Malone argues Adelman deserves a spot in the Hall of Fame for his vision. He hired Adelman’s son David, another keen basketball mind, on his staff three seasons ago. “If you have skilled big men, like DeMarcus Cousins or Nikola Jokic, and you want to get them the ball on the elbow, now you spread the floor with shooters, and you have movement and splits,” Malone says. “That’s what Rick created. It’s a read-and-react offense.

“It’s not an old-school play where you have to go here and this guy has to do that. The league has gotten away from that. Read-and-react is a lot harder to scout.”

D’Antoni’s staff in Phoenix also harkened back to Adelman’s work with its “elbow series,” where they would rely on the gifted acumen of Boris Diaw to create scoring opportunities for Shawn Marion.

“What it stemmed from is everyone does such a good job of scouting,” D’Antoni says. “So when a coach stands up and yells ‘FOUR!’ the other bench starts screaming, ‘Watch it here, he’s going to set a backdoor screen.’ Everyone knows what’s coming.”

Even so, each team stores volumes of plays for ATOs, or after timeouts, in their database. Stevens relied on a play early in his Celtics tenure where the inbounder would throw a high cross-court pass over the defense to the corner. It was surprisingly effective, considering the degree of difficulty and the obvious gamble of such a risky pass.

In the final moments of the Warriors’ Game 6 of the 2019 Finals against the Raptors, Kerr decided to try it. Andre Iguodala tossed a dangerous, high-flying, cross-court pass to Draymond Green. It sailed over his head, but Green chased it down in the corner and flicked it to Stephen Curry, who launched an open 3 from the right side of the court. The ball bounced off the back of the rim.
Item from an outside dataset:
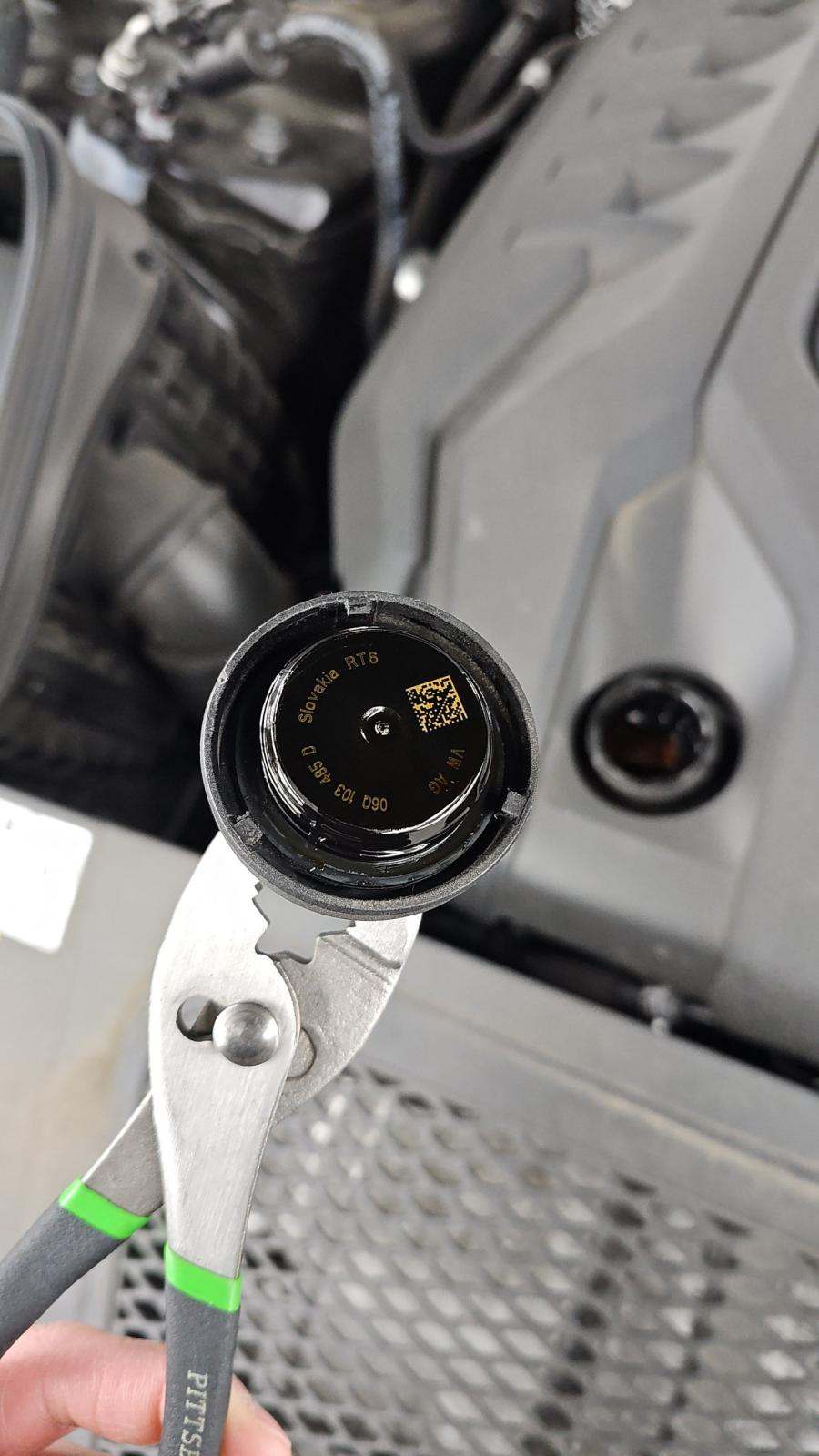 2023 Porsche Macan Base AWD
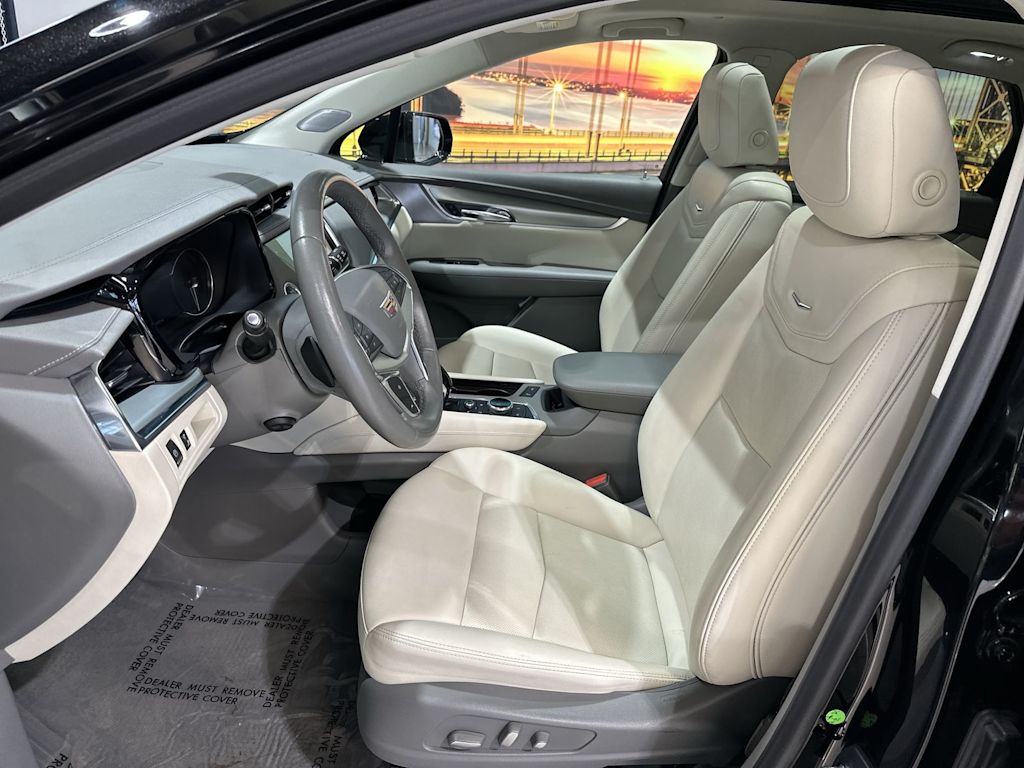 Thumbnail: 2022 Cadillac XT5 - 11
“We practiced that play every few weeks and never used it,” Kerr says. “We did in that case because so many of our guys were down, and Steph was double- and triple-teamed.

“I figured, ‘Let’s try something a little crazy.’ And it almost worked. The timing wasn’t quite right, but we got a decent shot.”

All coaches agree there’s no play that’s a sure thing — and that includes the legendary WTF. Consider in March 1993, on a rare night when Jordan was out of the Bulls’ lineup. Chicago was down three with seconds to go when Jackson called for WTF. But the execution was poor, and the end result less than satisfying: an air-ball 3-point shot by 6-foot-10 power forward Scott Williams.

Following the loss, longtime Chicago Tribune scribe Sam Smith pressed Jackson on his decision to get the ball to Williams, who was an abysmal 11.1% career shooter from the 3-point line and took only 45 of them in 15 seasons.

“Would you like to know what the play was?” Jackson asked.

“Yes,” Smith answered.

“It’s called, ‘What the f—,'” Jackson replied. “And that’s exactly what happened.”